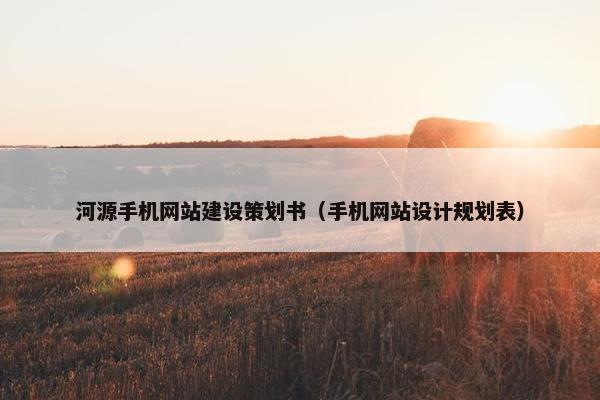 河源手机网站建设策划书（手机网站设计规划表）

===============

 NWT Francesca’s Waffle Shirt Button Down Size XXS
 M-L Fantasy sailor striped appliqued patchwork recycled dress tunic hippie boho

===============

Taking the entries above, write out exactly the lines starting with the line containing "NWT Francesca’s Waffle" and going on through the line containing "M-L Fantasy sailor", both included, and nothing else.

EXPECTED ANSWER |
 NWT Francesca’s Waffle Shirt Button Down Size XXS
 M-L Fantasy sailor striped appliqued patchwork recycled dress tunic hippie boho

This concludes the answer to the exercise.